Top of Exercise inputs

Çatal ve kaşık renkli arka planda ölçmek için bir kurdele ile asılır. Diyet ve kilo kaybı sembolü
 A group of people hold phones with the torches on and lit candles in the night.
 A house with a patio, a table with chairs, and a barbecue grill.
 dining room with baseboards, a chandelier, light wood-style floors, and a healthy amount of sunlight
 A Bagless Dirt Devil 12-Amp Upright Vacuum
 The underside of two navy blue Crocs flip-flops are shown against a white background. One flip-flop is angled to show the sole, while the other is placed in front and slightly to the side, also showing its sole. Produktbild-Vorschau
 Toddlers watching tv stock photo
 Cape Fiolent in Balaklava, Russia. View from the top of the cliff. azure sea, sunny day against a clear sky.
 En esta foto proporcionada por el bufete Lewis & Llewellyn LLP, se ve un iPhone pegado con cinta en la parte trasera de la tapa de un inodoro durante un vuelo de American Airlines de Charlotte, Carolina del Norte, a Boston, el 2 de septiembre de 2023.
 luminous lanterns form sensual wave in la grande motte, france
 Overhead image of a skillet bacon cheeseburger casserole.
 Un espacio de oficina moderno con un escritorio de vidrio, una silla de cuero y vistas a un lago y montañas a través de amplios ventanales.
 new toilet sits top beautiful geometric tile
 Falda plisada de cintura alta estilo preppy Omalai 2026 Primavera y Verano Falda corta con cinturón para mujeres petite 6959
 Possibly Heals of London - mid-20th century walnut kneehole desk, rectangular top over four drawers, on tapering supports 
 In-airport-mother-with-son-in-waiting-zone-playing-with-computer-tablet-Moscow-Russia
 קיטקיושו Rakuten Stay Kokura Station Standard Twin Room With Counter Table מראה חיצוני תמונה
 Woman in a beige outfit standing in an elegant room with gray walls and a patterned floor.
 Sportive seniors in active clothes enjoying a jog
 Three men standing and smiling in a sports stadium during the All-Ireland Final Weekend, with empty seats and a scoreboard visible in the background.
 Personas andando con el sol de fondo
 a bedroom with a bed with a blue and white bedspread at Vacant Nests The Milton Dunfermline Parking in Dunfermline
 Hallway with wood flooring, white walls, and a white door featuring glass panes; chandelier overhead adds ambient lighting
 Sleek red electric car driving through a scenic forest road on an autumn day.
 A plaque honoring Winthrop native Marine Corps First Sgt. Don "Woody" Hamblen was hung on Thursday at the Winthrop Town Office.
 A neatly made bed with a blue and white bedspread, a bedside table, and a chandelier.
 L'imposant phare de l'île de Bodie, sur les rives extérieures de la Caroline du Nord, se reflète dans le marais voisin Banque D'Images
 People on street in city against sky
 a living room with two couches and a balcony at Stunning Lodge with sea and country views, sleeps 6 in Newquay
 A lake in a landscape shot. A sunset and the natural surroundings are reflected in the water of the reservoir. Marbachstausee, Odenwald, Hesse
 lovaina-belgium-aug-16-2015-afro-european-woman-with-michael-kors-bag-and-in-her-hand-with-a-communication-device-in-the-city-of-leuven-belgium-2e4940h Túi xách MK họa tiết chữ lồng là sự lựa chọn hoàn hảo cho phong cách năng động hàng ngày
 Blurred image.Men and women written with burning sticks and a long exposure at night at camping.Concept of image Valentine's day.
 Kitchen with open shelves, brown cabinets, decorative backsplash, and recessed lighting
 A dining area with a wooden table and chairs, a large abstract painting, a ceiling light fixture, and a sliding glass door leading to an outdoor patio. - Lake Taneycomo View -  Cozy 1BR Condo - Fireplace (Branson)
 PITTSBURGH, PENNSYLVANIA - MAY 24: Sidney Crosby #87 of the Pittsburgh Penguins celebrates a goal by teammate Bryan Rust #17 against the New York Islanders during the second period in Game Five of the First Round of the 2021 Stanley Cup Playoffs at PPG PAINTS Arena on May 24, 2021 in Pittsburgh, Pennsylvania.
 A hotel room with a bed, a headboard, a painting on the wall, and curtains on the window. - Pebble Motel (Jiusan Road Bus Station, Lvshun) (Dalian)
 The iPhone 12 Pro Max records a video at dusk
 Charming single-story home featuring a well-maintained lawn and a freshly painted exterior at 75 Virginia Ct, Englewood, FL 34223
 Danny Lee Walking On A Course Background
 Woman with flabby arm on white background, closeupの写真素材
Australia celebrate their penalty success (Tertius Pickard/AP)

Bottom of Exercise inputs

● The task
Please copy the lines in the records above between the one holding "En esta foto" and the one holding "A neatly made", inclusive, exactly and with no other line.

● Exercise solution
 En esta foto proporcionada por el bufete Lewis & Llewellyn LLP, se ve un iPhone pegado con cinta en la parte trasera de la tapa de un inodoro durante un vuelo de American Airlines de Charlotte, Carolina del Norte, a Boston, el 2 de septiembre de 2023.
 luminous lanterns form sensual wave in la grande motte, france
 Overhead image of a skillet bacon cheeseburger casserole.
 Un espacio de oficina moderno con un escritorio de vidrio, una silla de cuero y vistas a un lago y montañas a través de amplios ventanales.
 new toilet sits top beautiful geometric tile
 Falda plisada de cintura alta estilo preppy Omalai 2026 Primavera y Verano Falda corta con cinturón para mujeres petite 6959
 Possibly Heals of London - mid-20th century walnut kneehole desk, rectangular top over four drawers, on tapering supports 
 In-airport-mother-with-son-in-waiting-zone-playing-with-computer-tablet-Moscow-Russia
 קיטקיושו Rakuten Stay Kokura Station Standard Twin Room With Counter Table מראה חיצוני תמונה
 Woman in a beige outfit standing in an elegant room with gray walls and a patterned floor.
 Sportive seniors in active clothes enjoying a jog
 Three men standing and smiling in a sports stadium during the All-Ireland Final Weekend, with empty seats and a scoreboard visible in the background.
 Personas andando con el sol de fondo
 a bedroom with a bed with a blue and white bedspread at Vacant Nests The Milton Dunfermline Parking in Dunfermline
 Hallway with wood flooring, white walls, and a white door featuring glass panes; chandelier overhead adds ambient lighting
 Sleek red electric car driving through a scenic forest road on an autumn day.
 A plaque honoring Winthrop native Marine Corps First Sgt. Don "Woody" Hamblen was hung on Thursday at the Winthrop Town Office.
 A neatly made bed with a blue and white bedspread, a bedside table, and a chandelier.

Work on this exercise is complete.